This chain of national parks and reserves covers 1.5 million hectares, more than 20% of the state, and represents an area of “outstanding international importance”.

The Tasmanian Wilderness World Heritage Area (TWWHA) was designated by UNESCO in December 1982, in the wake of the Franklin River blockade, when protestors and the community rallied to stop the waterway from being dammed. The area was further expanded in 1989.

As one of the three largest cool-temperate wilderness areas remaining in the Southern Hemisphere, the TWWHA is one of the last great wildernesses on Earth.

 

The Tasmanian Wilderness World Heritage Area is one of the last great wildernesses on Earth.

 

Culture and nature

There are more than 1100 World Heritage Sites across the planet, but only 39 of them have been listed for their combined natural and cultural values.
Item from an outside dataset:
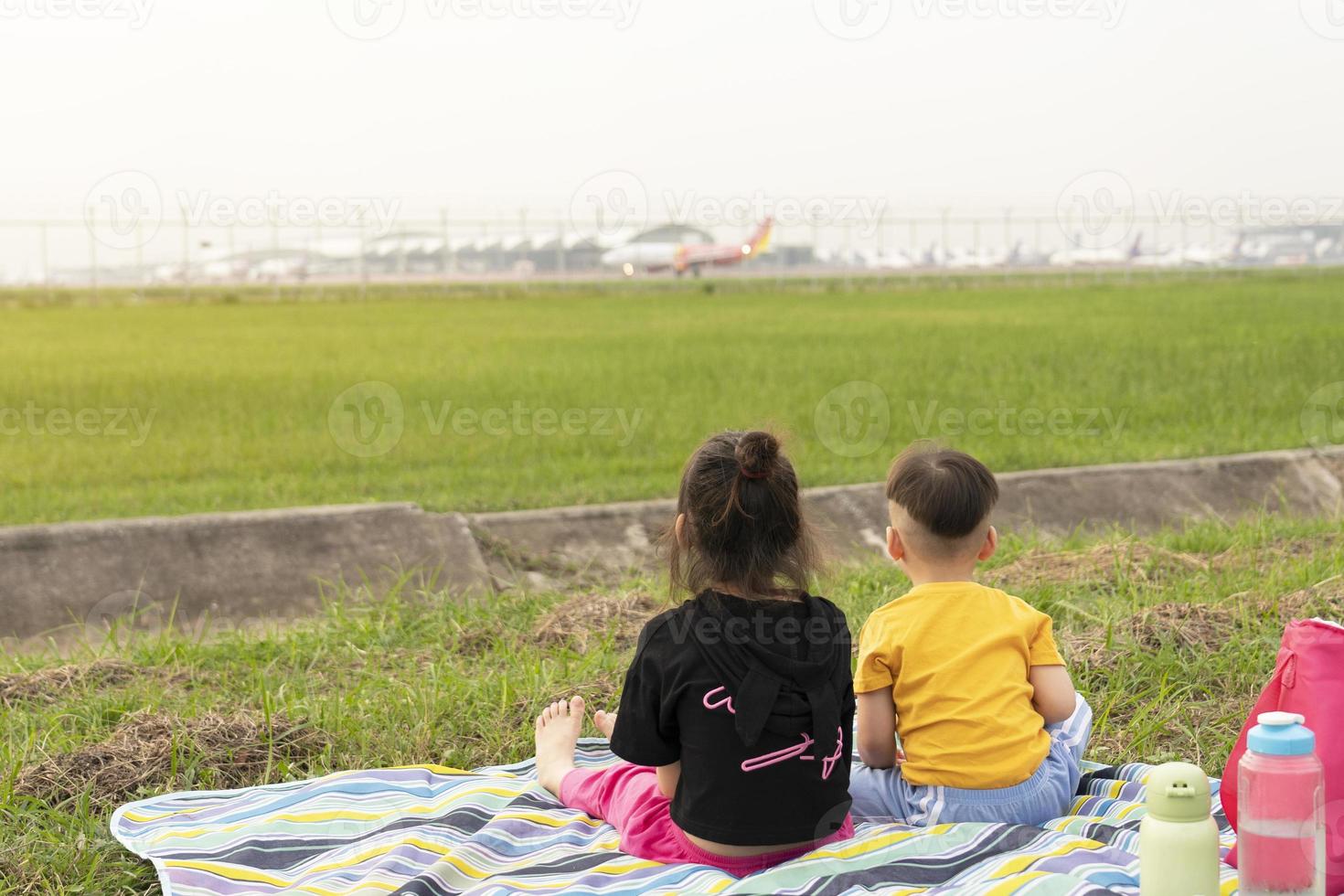 Happy children sit and watch planes take off and land beside the airport. Children dream to fly and become a pilot. photo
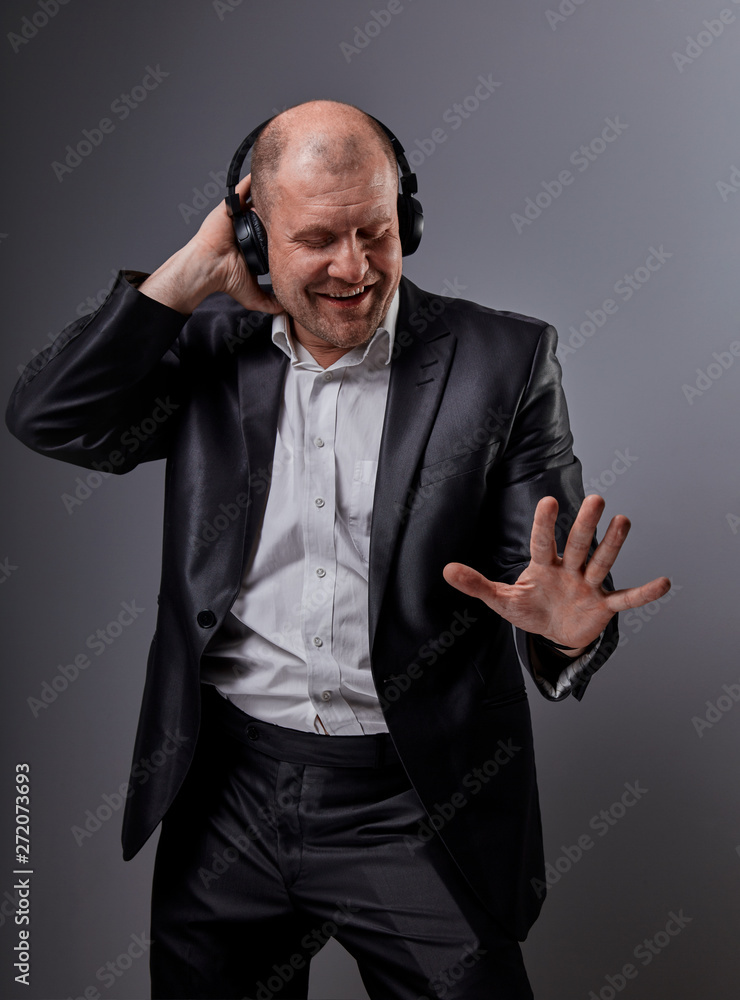 Happy emotional dancing and singing bald man listening the music in wireless headphone on dark grey background. Closeup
The TWWHA is one of only four such mixed sites in Australia.

It was listed because this area constitutes one of the last expanses of cool-temperate rainforest in the world, while remains in limestone caves attest to human occupation dating back at least 20,000 years. In Kutakina Cave, on the bank of the Franklin River, for instance, more than 250,000 pieces of bone and 37,000 stone artefacts were found in an area of just 0.65 cubic metres of earth, making it one of the richest archaeological sites in Australia.

Cool-temperate rainforests occur in places of mild climate with high rainfall, usually more than 1500mm a year.

The TWWHA encompasses six national parks and a host of reserves. The national parks are Cradle Mountain-Lake St Clair, Walls of Jerusalem, Mole Creek Karst, Franklin-Gordon Wild Rivers, Southwest and Hartz Mountains.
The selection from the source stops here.